Aussie swim trials to keep status quo

The International Olympic Committee’s (IOC) decision to hold swimming finals in the morning at the Beijing 2008 Olympic Games to suit US television schedules is unlikely to change Swimming Australia’s Olympic trials schedule.

Uncharted waters: swimmers need to adapt to a new schedule

US television rights holder NBC had been lobbying heavily for early finals in Beijing to coincide with prime-time viewing hours in the United States, with many observers feeling the IOC caved to the broadcaster rather than taking athletes’ preferences in to consideration.

 

Alan Thompson, Australian head coach, had anticipated the IOC’s decision, but his swimmers are unlikely to have a practice run at the upside-down schedule at their national trials, which normally aim to simulate the Olympic program, reports said.

 

Glenn Tasker, Swimming Australia chief executive, said he expected opposition from coaches, but could not see how the trials could be run successfully with main events held in non-peak viewing times.

 

“We have only discussed this informally, but internally our discussions have been, ‘If we turn our trials upside down, we will struggle to make them commercially viable’,” Tasker told The Melbourne Age on Saturday.

 

“We swim our trials at the Sydney Olympic Aquatic Centre, which is still the best pool in the world, but when you go to the best pool in the world, you pay a fairly steep price for it.

 

“If we swam finals at 10 o’clock in the morning, our athletes would be swimming in front of next to no one. There would be no atmosphere, we wouldn’t get a gate, so commercially it would hurt us.

 

“It would hurt the athletes from having no atmosphere.
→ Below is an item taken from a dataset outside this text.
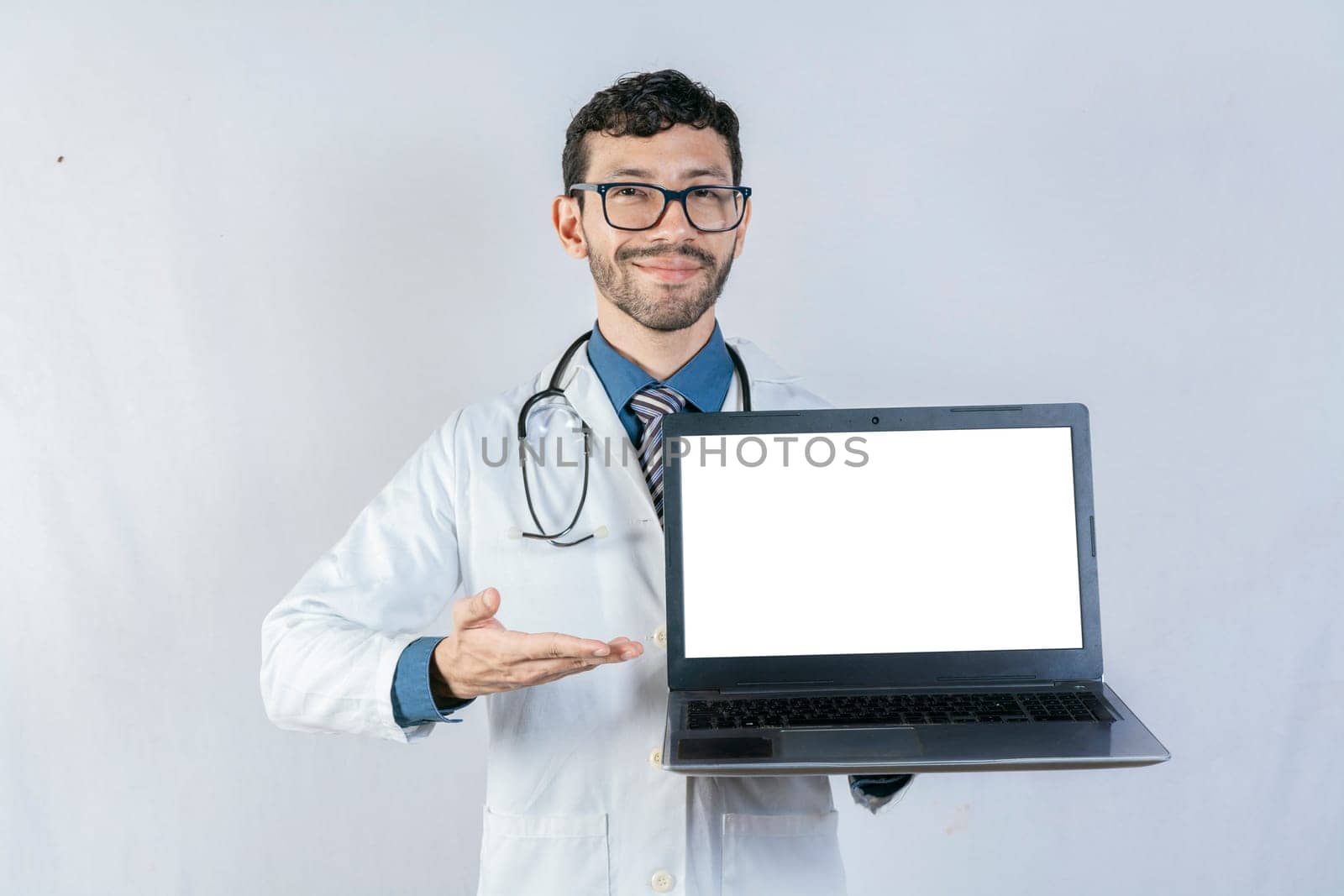 Smiling doctor showing laptop screen isolated. Handsome doctor pointing at laptop screen isolated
So without finalising our discussions, I would be very loath to change our trials,” Tasker added.

 

“I know Alan (Thompson) would be very keen to mirror the program, and we have discussed it, but he would need to have some very compelling arguments to get us to go the other way.”

 

Opposed to the decision

 

Australian swimmer Grant Hackett opposes the IOC's decision
Australian swimmer Grant Hackett opposes the IOC’s decision

Australian swimmer Grant Hackett
opposes the IOC’s decision

Swimming Australia held a workshop in Sydney on Saturday where the country’s elite coaches were briefed by former rowing head coach Brian Richardson, as rowing is one of the few sports that routinely holds its Olympic finals in the morning.

 

Australian Grant Hackett and Dutchman Pieter van den Hoogenband, along with other high-profile swimmers, have been opposed to the IOC’s decision, while Ian Pope, leading Australian swim coach, said he would switch his squad’s race-specific training to the mornings in the months before the Beijing Olympics.

 

“We have a lot of our quality training more of an evening, so what we would do to help simulate that race-specific training, we would encourage doing a lot of that speed-work in the morning,” Pope said.

 

“That conditions them both mentally and physically into the preparation for Beijing.

 

“For some people, it is a mental block, but I think most people won’t have a problem with it. When it comes to an Olympic Games, it’s really who can get the gold.”

 

The Games of the 29th Olympiad will take place in Beijing from August 8 to 24, 2008.